A graph, called a biplot, is provided to visualize the relationships between your data and multidimensional variables, obtained from principal component analysis.

Structural Equation Modeling

Structural Equation Modeling identifies various causal relationships between the variables through a single model.
For your convenience in defining a model, B-Box™ contains the variable generation feature and the basic model generation feature that allow you to define variables easily. Moreover, B-Box™ also provides a process of validating the model before the calculations begin, to check whether the model as defined is mathematically solvable.
You can see your results at a glance on a path diagram, including the results of significance tests for the estimated coefficients (insignificant paths are highlighted as dotted red lines).

Outlier Diagnostics

For each variable, possible outliers are detected by checking whether each data point falls within a specified standard deviation range from the mean. Basic statistics for the variable before and after the removal of outliers are provided.
You can review a number of datasets at the same time using a Z variable.

Hypothesis Testing

B-Box™ provides hypothesis tests for the following:
Mean of a single variable
Variance of a single variable
Difference of the means of two variables
Ratio of the variances of two variables
Paired difference of two variables
Means of 3 or more variables.
You can test a number of datasets at the same time using a Z variable.

Data Envelopment Analysis

Data Envelopment Analysis analyzes the efficiency of each data point (called Decision Making Units, or DMUs, in this context) by considering input and output variables.
For each DMU, not only is an efficiency score given, but you can also see how much the input variables can be reduced and how much the output variables can be raised. Negative values can be considered.
Introducing the concept of super efficiency, B-Box™ enables absolute evaluation of the efficiency of DMUs, as well as relative comparisons.
You can evaluate the efficiencies of a number of sets of DMUs at the same time using a Z variable.

Linear Programming

You can find the optimal solution of an objective function under linear constraints, using solution algorithms for linear programs.

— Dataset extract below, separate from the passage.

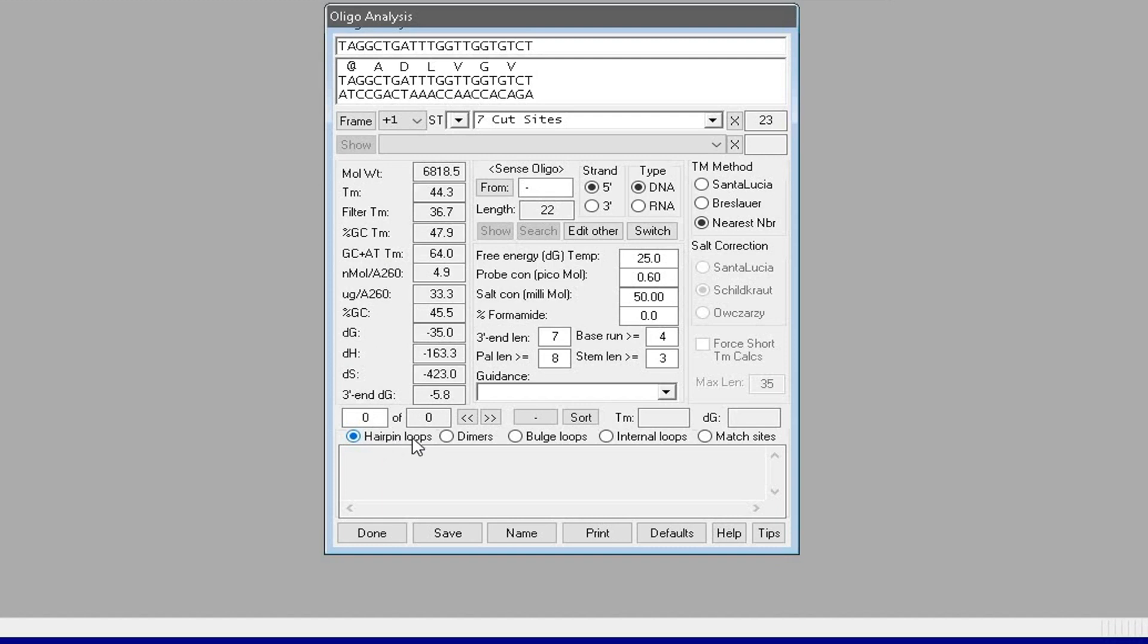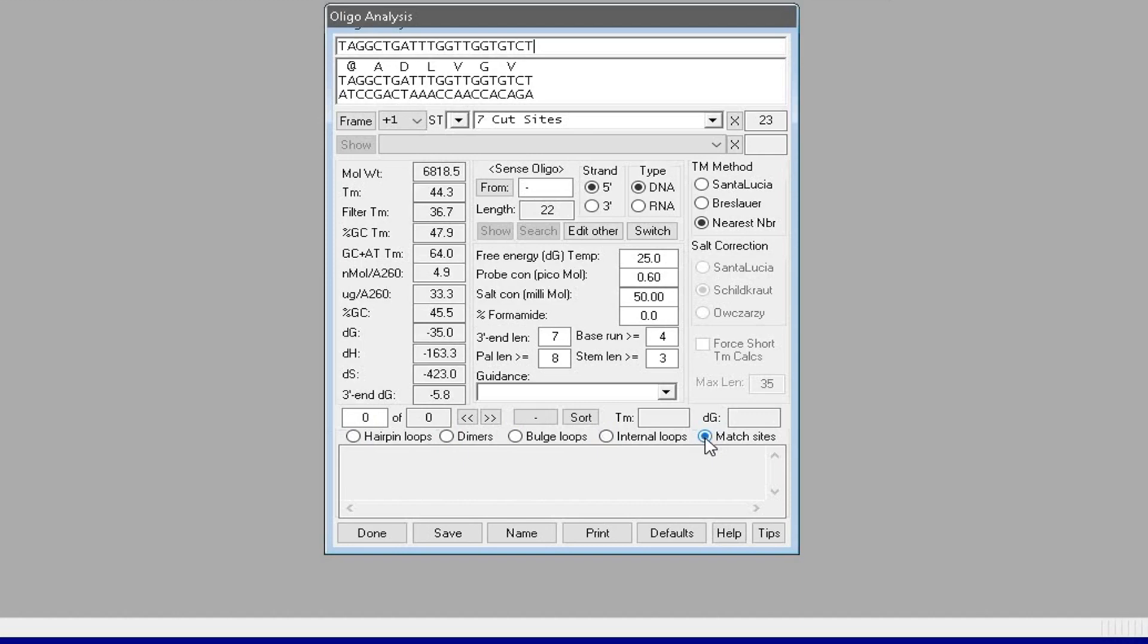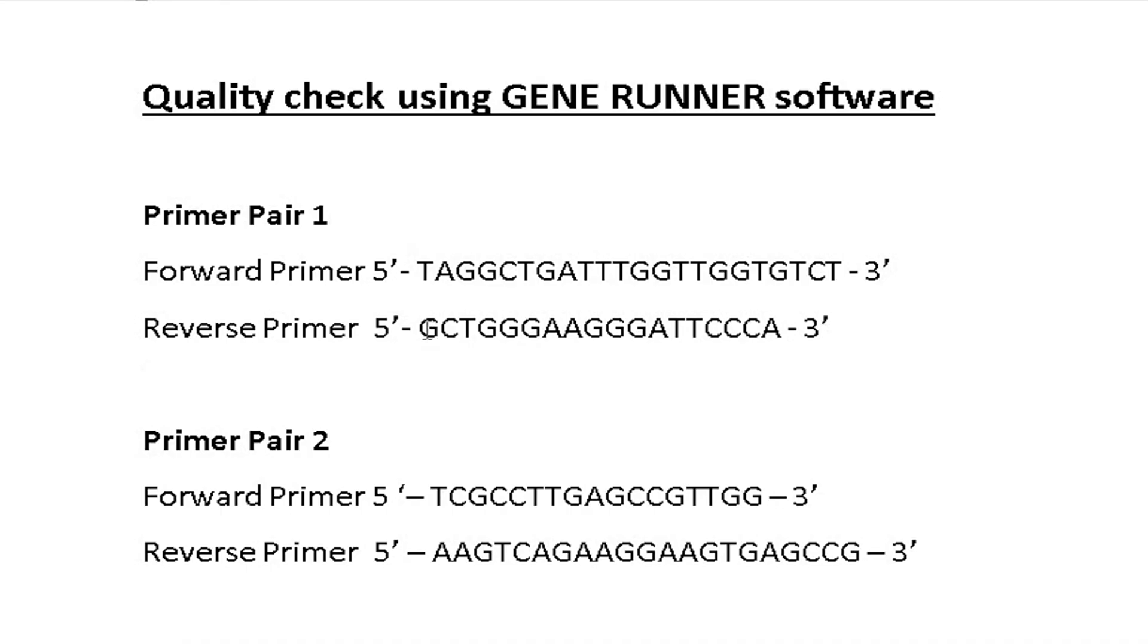For this primer sequence, no hairpin loops are detected by the software. A further check on the other properties shows the absence of any dimers, bulge loops, internal loops, or match sites. Thus, this primer sequence seems of great quality.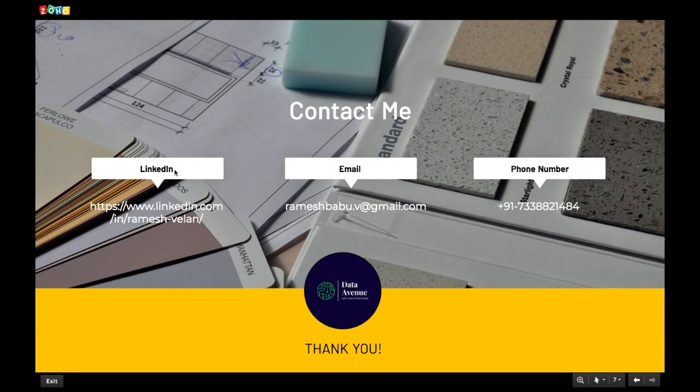Finally, some people have been asking how to contact me — you can reach me via LinkedIn, email, or phone number. Bye for now, thank you for your support and thanks for watching.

Analytic Hierarchy Process

Analytic Hierarchy Process (AHP) determines an order of importance between factors considered in a decision making process, and evalutes the alternatives for each factor.
Following Professor T. L. Satty’s AHP methodology, weights are placed on each factor in a subjective decision making process.
Subjective responses undergo a consistency test, in order to ensure reliability of the results.

Net Present Value

Present value is obtained by discounting future cash flows to take into account the time value of money, and investment decisions are assisted based on the net present value thus obtained..

Questionnaire Analysis

Analysis for a survey tends to be repetitive and time consuming. The analysis through B-Box carries out this by providing various statistics, plots and tests for the reliability and hypothesis for equal mean/ variance.

Decision Tree

Decision tree is a classification and prediction method using a tree-like graph or model, B-Box™ adopts CART algorithm which uses binary splitting of the tree nodes. Users can see the pruning process with the tree plot. Using Z variable a number of models are created at once so that they can easily find the optimal tree model.

Word Cloud

It converts contents from MS Word, MS Powerpoint, MS Excel, PDF, and websites into text file.Text Mining technique pictures keywords of the user's interest in a cloud form. Users can add or delete words, and change the cloud shape and the text font based on the conditions they defined.

Matching algorithm

The purpose of the Matching algorithm is to find a stable matching based on the preference of members between two groups. B-Box uses the Gale-Shapley algorithm to produce results satisfactory to all members of each group. Two results are given by the selection order exercised by either group.